Computing feature names (post-preprocessing)...
Best model does not expose feature_importances_ (likely LR).
SHAP not installed; skip SHAP analysis.


SCORE FULL DATA

In [25]:
print("\nScoring full dataset and saving predictions...")
X_full = X.copy()
pred_probs = best_pipeline.predict_proba(X_full)[:,1]
df_out = df_fe.copy()
df_out['Predicted_Risk_Score'] = pred_probs
df_out['Predicted_Readmission'] = np.where(df_out['Predicted_Risk_Score'] >= RISK_THRESHOLD, 'Yes', 'No')

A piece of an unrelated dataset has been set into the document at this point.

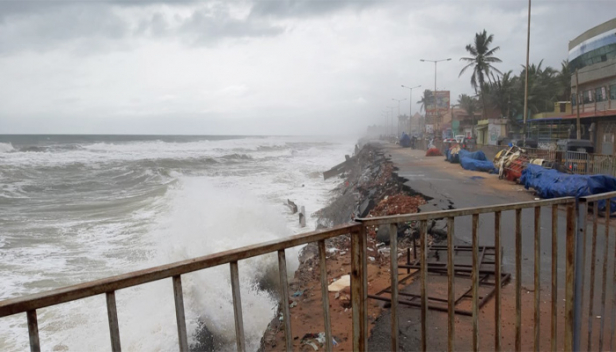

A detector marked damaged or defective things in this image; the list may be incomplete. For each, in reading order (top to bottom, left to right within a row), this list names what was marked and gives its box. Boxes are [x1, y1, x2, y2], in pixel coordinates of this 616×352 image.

rusty metal railing [2, 194, 612, 350]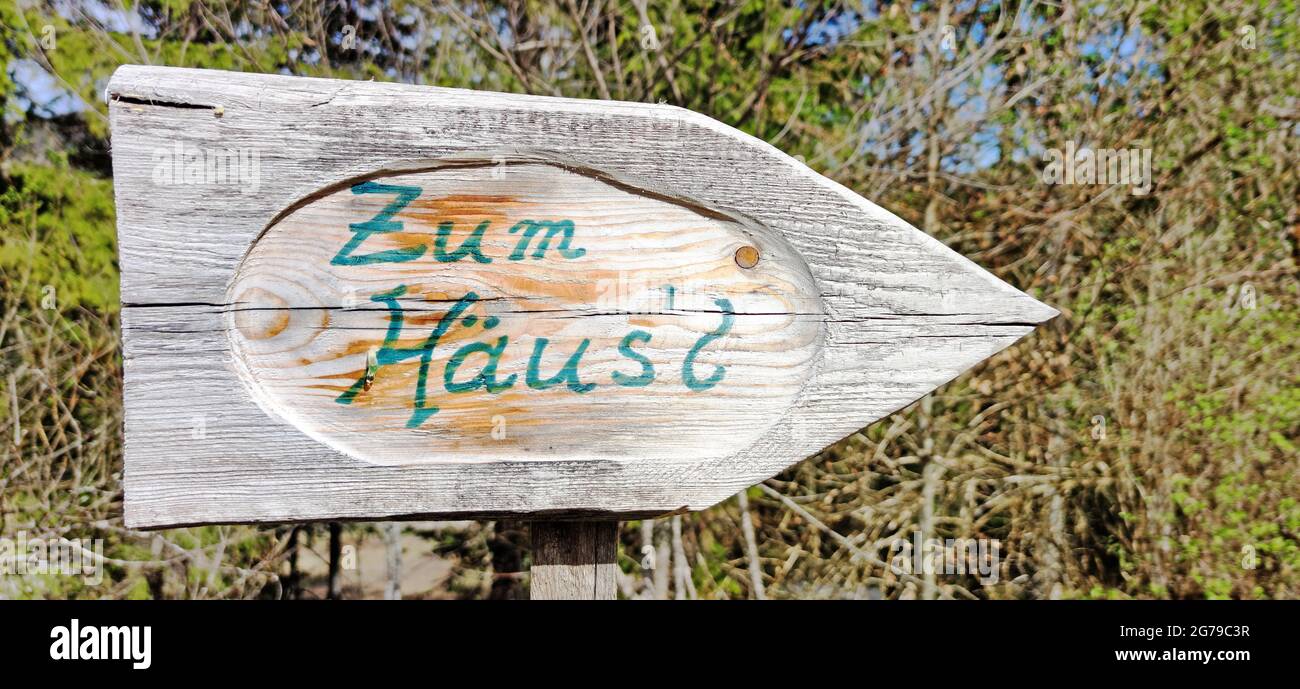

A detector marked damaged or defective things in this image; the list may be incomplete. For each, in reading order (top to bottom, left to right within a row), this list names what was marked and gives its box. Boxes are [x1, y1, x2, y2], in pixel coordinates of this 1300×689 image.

rusty screw in wood [733, 244, 759, 267]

out_csv = os.path.join(OUTPUT_DIR, "readmission_predictions_with_features.csv")
df_out.to_csv(out_csv, index=False)
print("Saved predictions CSV to:", out_csv)


Scoring full dataset and saving predictions...
Saved predictions CSV to: /content/drive/MyDrive/readmission_output/readmission_predictions_with_features.csv


PLOT ROC AND PR CURVES

In [26]:
print("Plotting ROC and PR curves for best model on test set...")
y_prob_test = best_pipeline.predict_proba(X_test)[:,1]
fpr, tpr, _ = roc_curve(y_test, y_prob_test)
precision, recall, _ = precision_recall_curve(y_test, y_prob_test)
roc_auc_val = roc_auc_score(y_test, y_prob_test)
pr_auc_val = average_precision_score(y_test, y_prob_test)

plt.figure(figsize=(6,5))
plt.plot(fpr, tpr, label=f'ROC (AUC={roc_auc_val:.3f})')
plt.plot([0,1],[0,1],'--', color='gray')
plt.xlabel('False Positive Rate'); plt.ylabel('True Positive Rate'); plt.title('ROC Curve'); plt.legend(); plt.grid(True)
plt.savefig(os.path.join(OUTPUT_DIR, "roc_curve.png"))
plt.close()

plt.figure(figsize=(6,5))
plt.plot(recall, precision, label=f'PR (AUC={pr_auc_val:.3f})')
plt.xlabel('Recall'); plt.ylabel('Precision'); plt.title('Precision-Recall Curve'); plt.legend(); plt.grid(True)
plt.savefig(os.path.join(OUTPUT_DIR, "pr_curve.png"))
plt.close()

print("Saved ROC and PR plots to output directory.")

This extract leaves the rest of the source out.